TAYSIDE Police’s force area has recorded the best public response for use of the new national non-emergency ‘phone number, launched last month.
Since the number went live on February 21, the force has received around 46 per cent of all non-emergency calls via the new 101 service and its success has been attributed to a combination of promoting the use of 101 at the front of old contact numbers and the subsequent decommissioning process which is now under way, as well as marketing and publicity.
Louise Fraser, force communications centre business manager, said: “This is excellent news and helps to show the potential of the new 101 service. Its introduction is saving money but most importantly it is easy to remember and use. I have been really impressed by the way people in Tayside have made the change”.
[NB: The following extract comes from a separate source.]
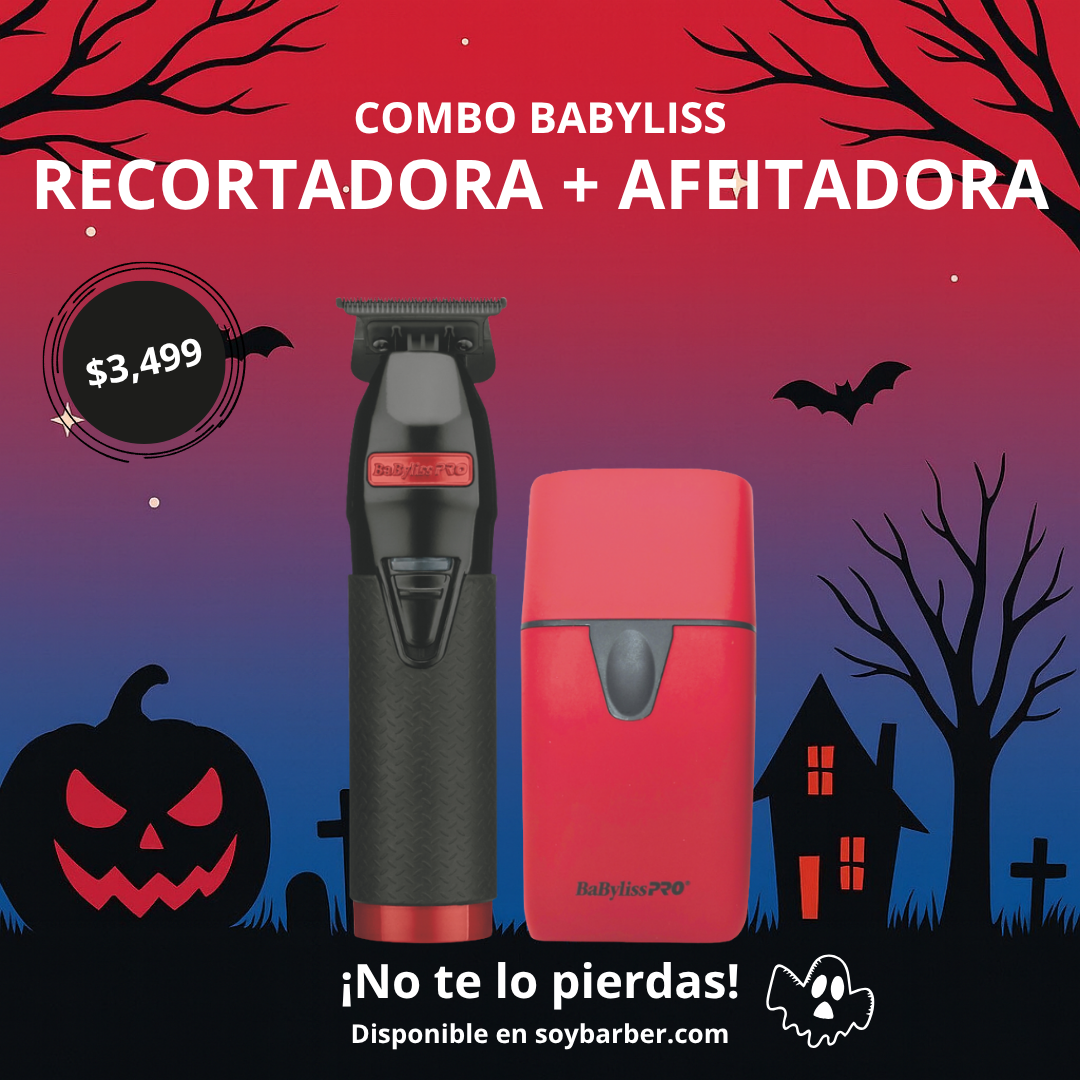 BaByliss PRO - Combo Recortadora y Afeitadora UVFOIL RED Metal Collection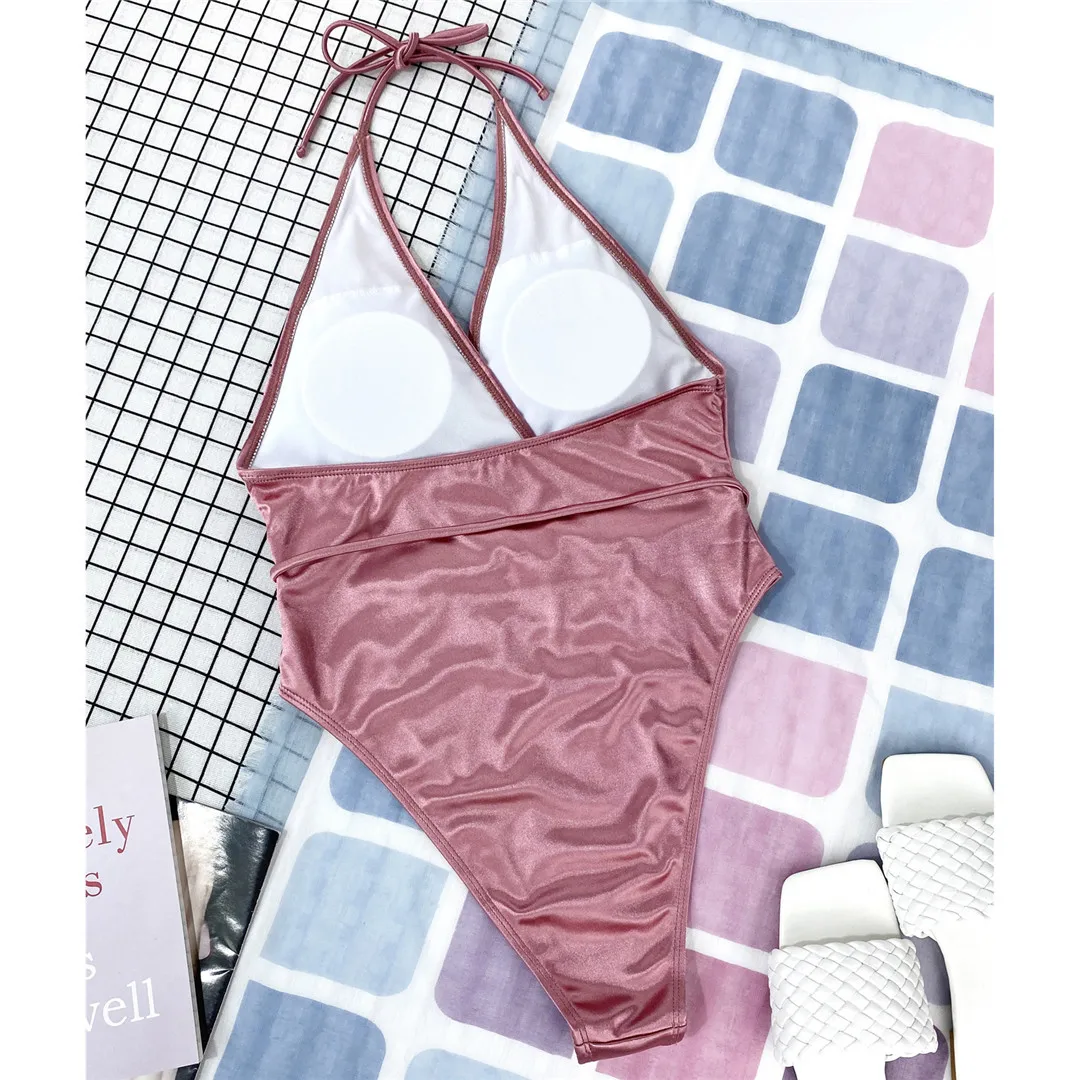 Sexy Neckholder-Badeanzug mit offenem Rücken, tiefem V-Ausschnitt, einteilig, für Damen, mit hohem Beinausschnitt, gepolstert, Badeanzug, Badebekleidung, Modell V3694. – Detail 12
Ahead of the 101 launch, Tayside Police had started to decommission existing telephone lines to ensure that contact with the public has remained as seamless as possible and all callers are now being advised of the new 101 service.
The new number was introduced with the aim of helping keep people safe by giving them one easy-to-remember number for contacting the police, wherever they are in Scotland; making the police more accessible to communities, while reducing pressure on the 999 system; helping to cut crime by making it easier for the public to pass on information and enhancing links with England and Wales, with 101 becoming the nationally recognised number for non-emergency contact with the police across the UK.
Calls are still dealt with at a force area level and the number is operational 24 hours-a-day, seven days a week, although 999 is still the number to call in an emergency. Dialled from elsewhere in the country, callers are connected with the nearest police force.